Making a dent in prescription drug abuse in St. Charles County could be as simple as dropping old or unused pills into a specially-made pouch, adding water and a little shaking, sealing the mixture and tossing it into a trash can.
That’s one hope behind the 10,000 drug deactivation pouches donated last month by Mallinckrodt Pharmaceuticals to the Boys & Girls Clubs of St. Charles County, which is distributing them to parents and families.
To distribute them, the clubs are working with schools, local government emergency providers and organizations such as Walking to Wellness – a group co-founded by Gee Vigna, a St. Peters resident whose daughter died from a heroin overdose, that holds awareness walks here and around the country.
Authorities say that simply throwing drugs out in the trash or flushing them down a toilet pose environmental and pollution threats. However, the pouches, manufactured by Minneapolis-based Verde Technologies, deactivate prescription drugs and render chemical compounds safe for landfills.
The use-friendly pouches can hold up to 45 pills, six ounces of liquid or six patches. After filling the pouches with tap water they can be sealed, shaken and thrown away in the household trash. The pouches are biodegradable and environmentally friendly. Local police departments have drop off locations for pills, but a home disposal system may be easier and more convenient.
“It doesn’t get much simpler than that,” Jeanette Koechner, director of community development for the Boys & Girls Clubs of St. Charles County, said of the pouches. “It’s worse if we flush [medications] down the stool. I really don’t want to be drinking the water and that’s what’s going to happen if we keep doing that.”
Koechner discussed the donation with the St. Charles County Council at its Sept. 26 meeting, saying that the pouches are available free from the clubs two locations in St. Charles County. Those locations are at 1211 Lindenwood Ave. in St. Charles and 1 Club Way, off Aspen Pointe Drive and Mexico Road, in O’Fallon.

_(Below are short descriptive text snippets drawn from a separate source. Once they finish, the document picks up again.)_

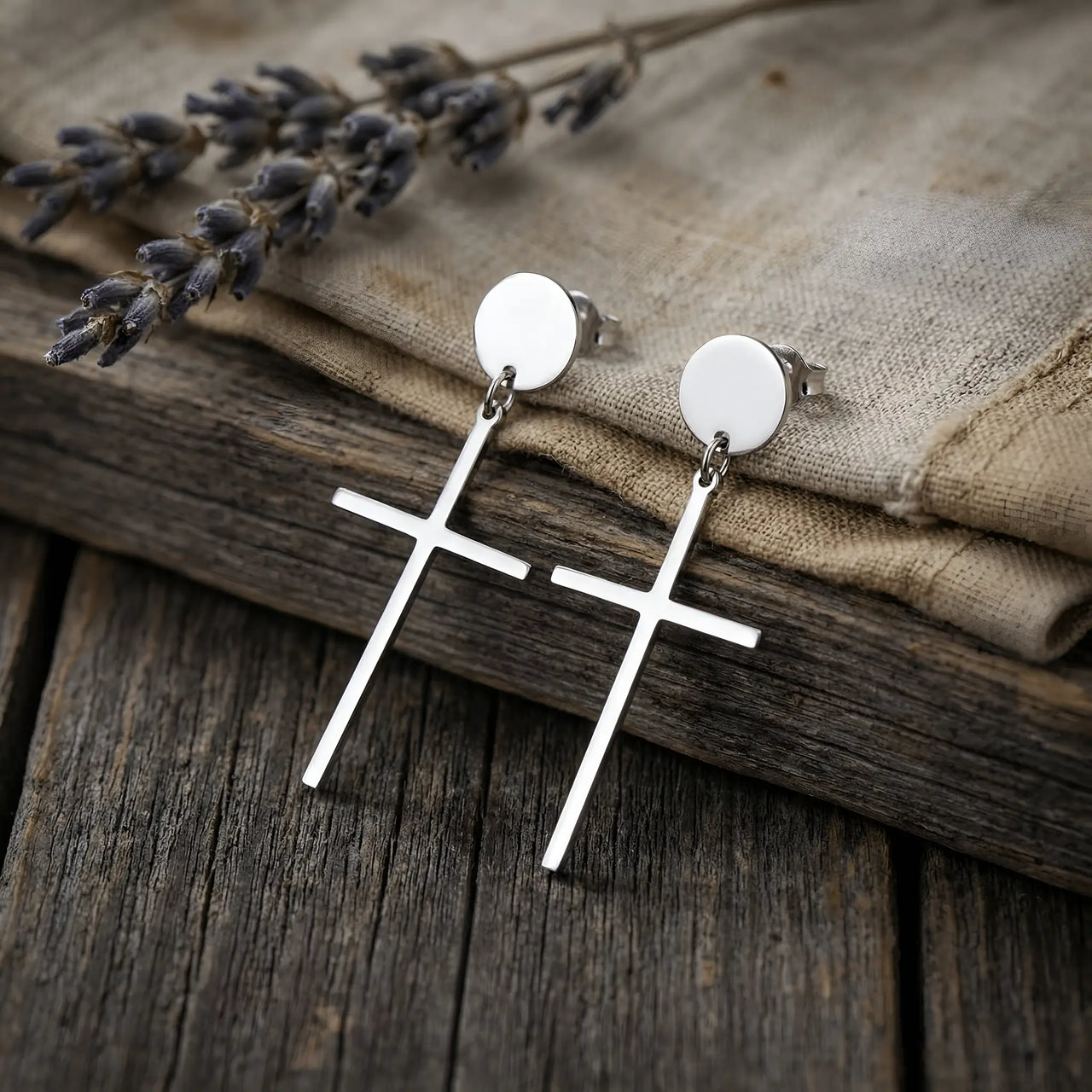 Cercei argint 925 rodiat lungi cu cruce simplă 15x10 mm – stud rotund cu fluturaș, finisaj oglindă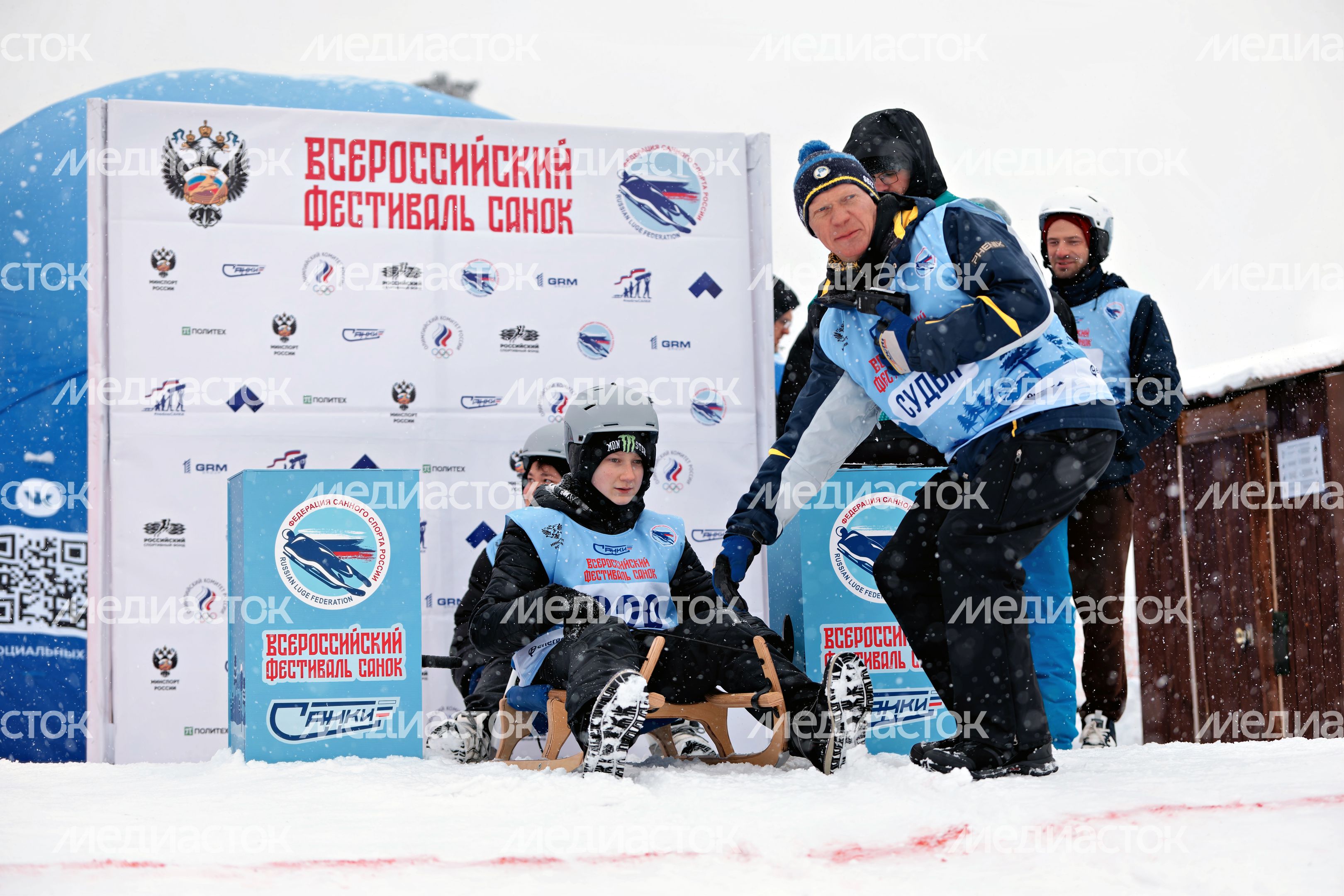 Всероссийский фестиваль санок на склоне горнолыжного клуба Л. Тягачева в Дмитровском округе Всероссийский фестиваль санок на склоне горнолыжного клуба Л. Тягачева в Дмитровском округе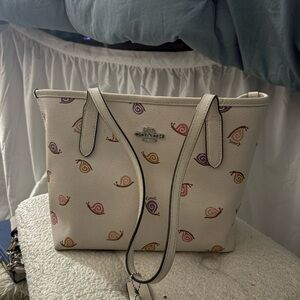 Coach Cream Multicolor Snail Tote
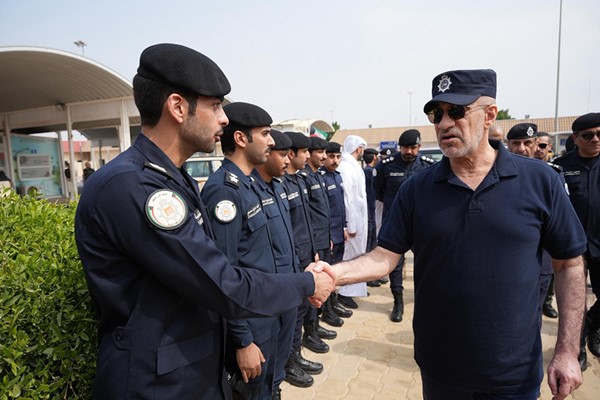 اليوسف: ضرورة مواصلة اليقظة ورفع درجة الاستعداد والتعامل بكل حزم مع أي محاولات تمس أمن البلاد أو تستهدف الإخلال بالنظام العام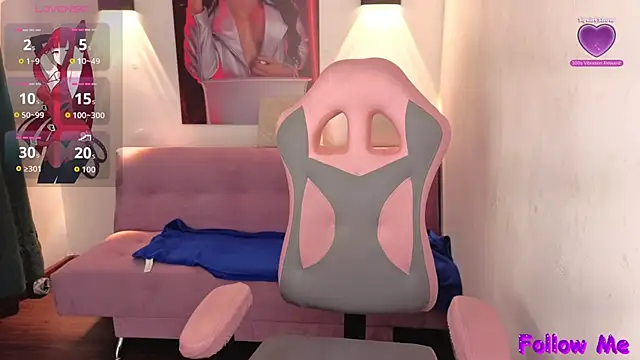 Snapshot of vittorialombardi__ chatting on October 8, 2025, 8:16 am vittorialombardi   online show from October 8, 2025, 8:16 am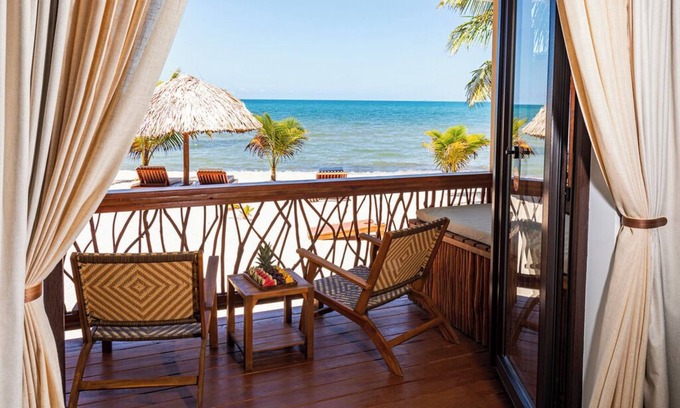 Placencia Hotel | Beach Front Suite - Kalimera Beach Hotel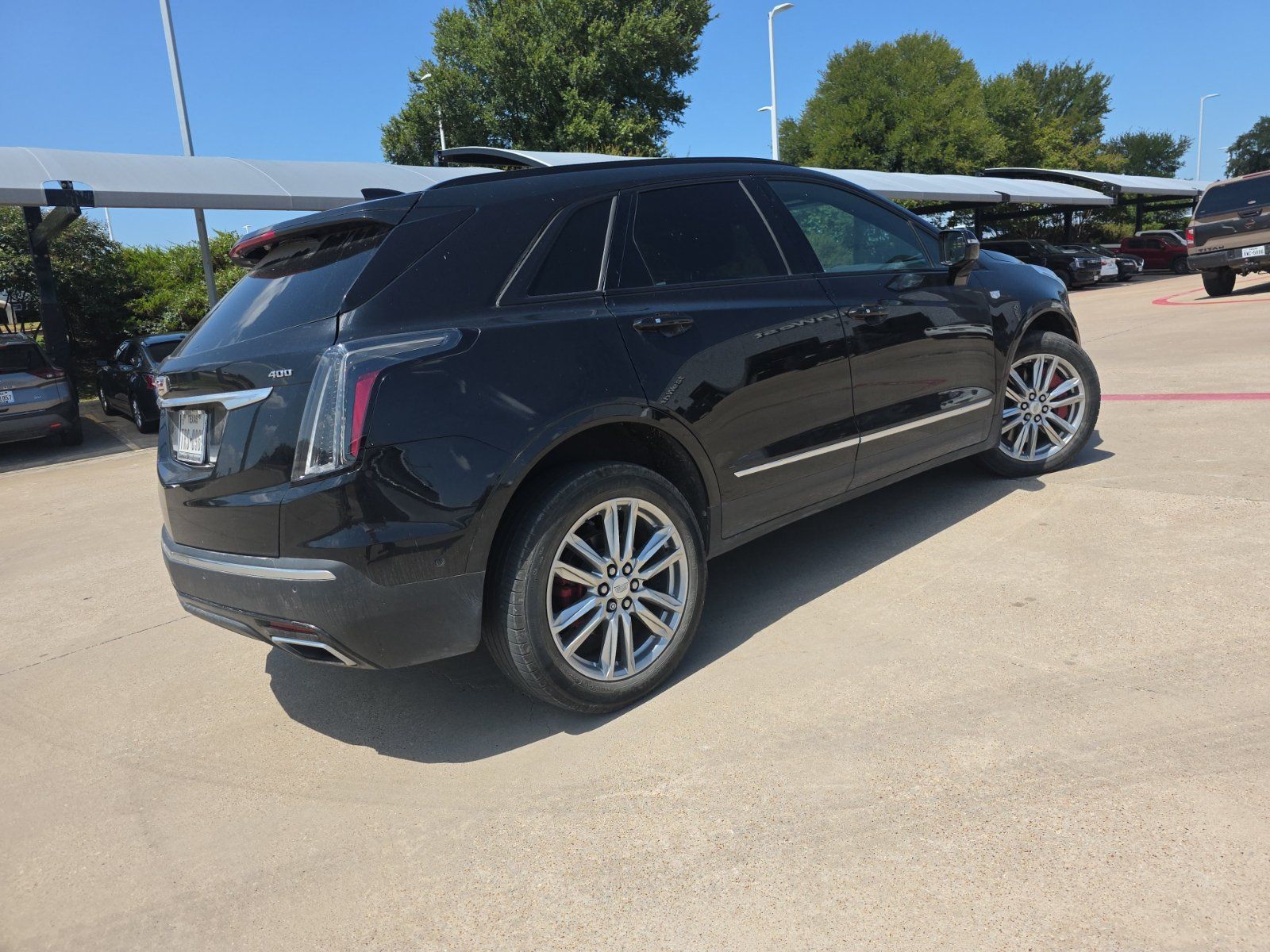 Used 2023 Cadillac XT5 Sportv w/ Technology Package AWD/4WD image 3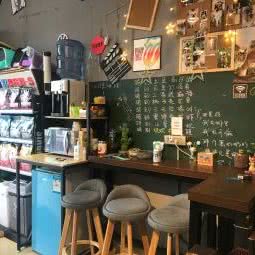 狗崽队宠物生活馆:成都市成华区驷马桥/动物园附近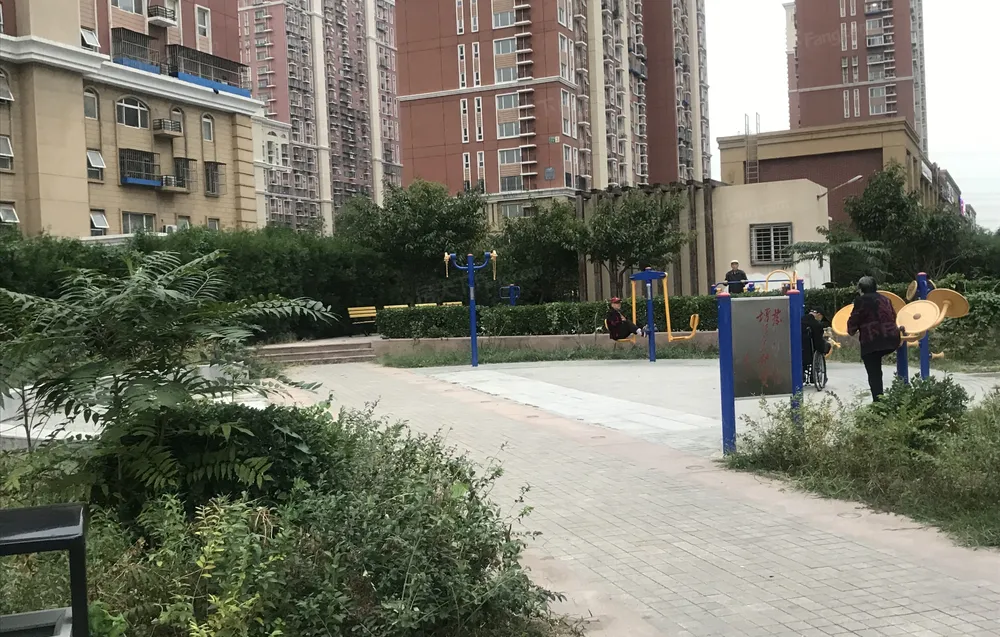 四惠 高碑店 陶家湾 北花园精装两居室 家具全 包物业取暖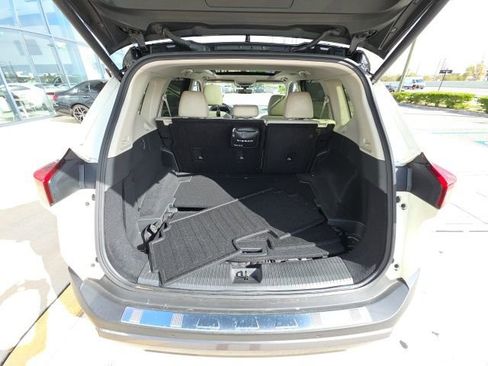 Used 2023 Nissan Rogue SL w/ SL Premium Package image 27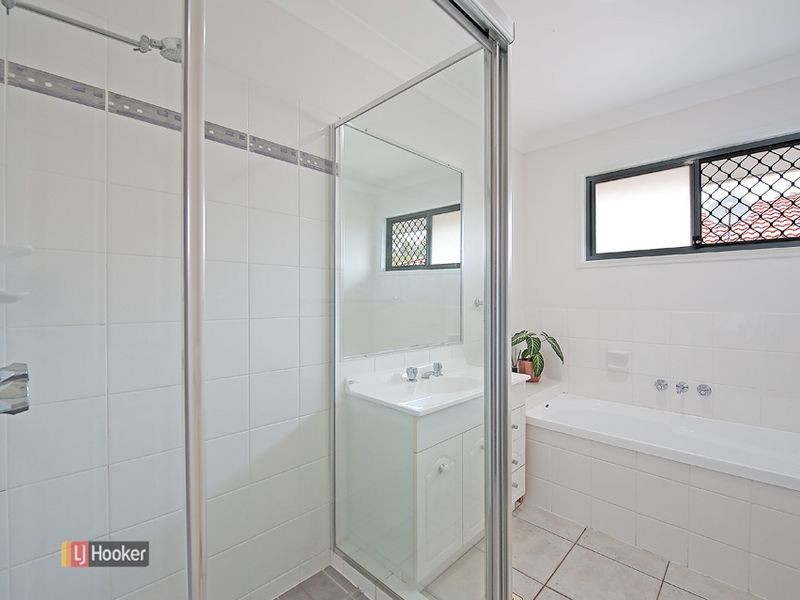 28 Mowbray Court, Kallangur QLD 4503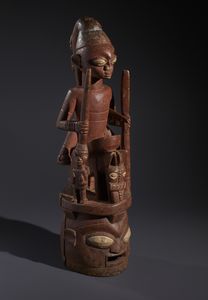 Yoruba -Nigeria : Nello stile di Grande maschera a casco sormontato da cavaliere a cavallo ed una piccola figura antropomorfa in legno a patina bruno rossastra, caolino e pigmenti  - Asta Asta 444 | AFRICA, OCEANIA E AMERICHE - ARTIGIANATO AFRICANO: VARI COMMITTENTI E SELEZIONE DALLA COLLEZIONE BARTOLOMUCCI Online - Associazione Nazionale - Case d'Asta italiane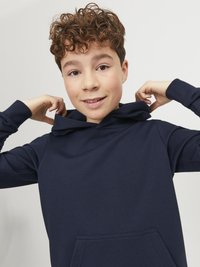 Sweatshirt con cappuccio color blu navy, dotato di tasca frontale e polsini a coste, realizzato in tessuto morbido, con una vestibilità rilassata e cappuccio regolabile con cordino.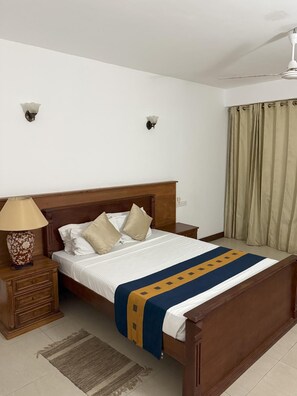 Room - Serendib Beach Resort (Induruwa)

The clubs have distributed about 4,500 pouches already and just received a final shipment of 5,400. About 2,000 pouches will be distributed by the Fort Zumwalt School District and the St. Charles County Ambulance District will receive 300 or more. In addition, some will go to the Walking to Wellness organization.
“We are trying to get as many of these out in the community as we can,” Koechner said. “We’re certainly not having any problem doing that.”
Koechner came before the council the same night they passed a bill establishing a prescription drug monitoring program [PDMP] for the county that will operate in cooperation with the city of St. Louis and St. Louis County that they hope may curb “doctor shopping” for prescriptions.
The Boys & Girls Clubs are nonprofit organizations supported by charitable donations and organizations such as the United Way of Greater St. Louis. The St. Charles County clubs serve more than 1,500 young people, ages 6-18, through education, after-school and sports programs, along with summer camps.
“I’ll honest with you, we don’t see it [drug abuse] here with our children, we really don’t, but we know that some of them are affected by it somewhere,” Koechner said in a later interview. “It is there, we just want our kids not be exposed to it.”
Koechner said she is not sure why Mallinckrodt choose the clubs, but suggested that “they may have seen we provide a huge community service with families and children.”
“It’s a good opportunity for us to be allowed to reach out,” she said.
Koechner said she also plans to discuss the pouches at other local government and civic group meetings. She said she’s not sure if more pouches will be available once the clubs’ supply runs out.
A spokesperson for Mallinckrodt said the donation was a one-time donation, although there may be some possibility for more becoming available later depending upon their availability. The local distribution is part of the company’s 1 million pouch donation initiative to help combat the abuse of prescription pain medication.
National surveys of U.S. adults who used opioids showed that nearly 6 of 10 had or expect to have leftover pills and, according to the company, about 68 percent of non-medical users of prescription pain relievers in 2012-13 got them from friends and relatives.